Waiting for news that was negative , then "I think that's negative"....no , no maybe that's a positive...and then the answer that wouldn't be denied. Clear as day...it took the most advance piece of technology that I have ever peed on (at least that is what the commercial said!)..Gordon and I are going to have a baby! A trip to the doctor for bloodwork confirmed the answer that I had been so longing for.
Most people who are trying to start a family are elated when they get the news. We were over joyed and terrified all at the same time. The fear that anything could go wrong and that this baby may not yet be ours was one that was so real to us that we decided only to share the news with a handful of individuals with whom we knew we could confide in should God have a different plan for this baby. It was easier not to blog because I didn't want to spill the beans and let the whole world know my fear.
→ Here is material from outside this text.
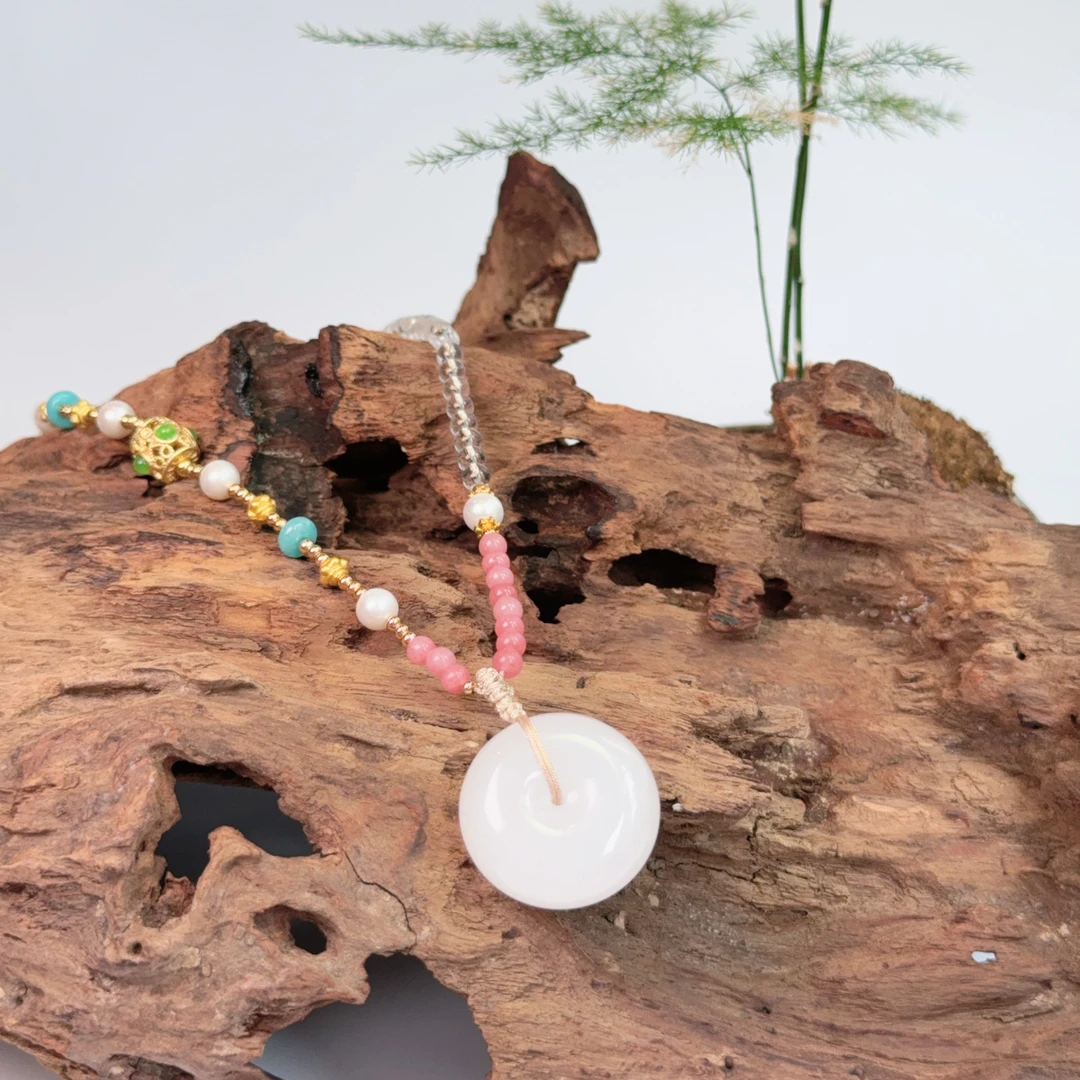 天然金丝玉平安扣吊坠编织绳挂件项链百搭挂绳编绳正品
We started sharing th enews at Easter. We had already seen our little one at an early ultrasound and thought that it would be okay to share the news. Last week we heard the heartbeat for the first time. I never imagined that something so small could have a heart that beat so quickly. It was something incredible to hear.
In two days we go for another ultrasound. I must admit that posting in my blog today makes me nervous...I feel almost like I should wait but if I wait will the fear ever go away.
I realize that the fear will never leave me. It will change and evolve and take on a new meaning. Right now I want more than anything to enjoy the miracle that is taking place in our lives.
We're going to have a baby...how cool is that?!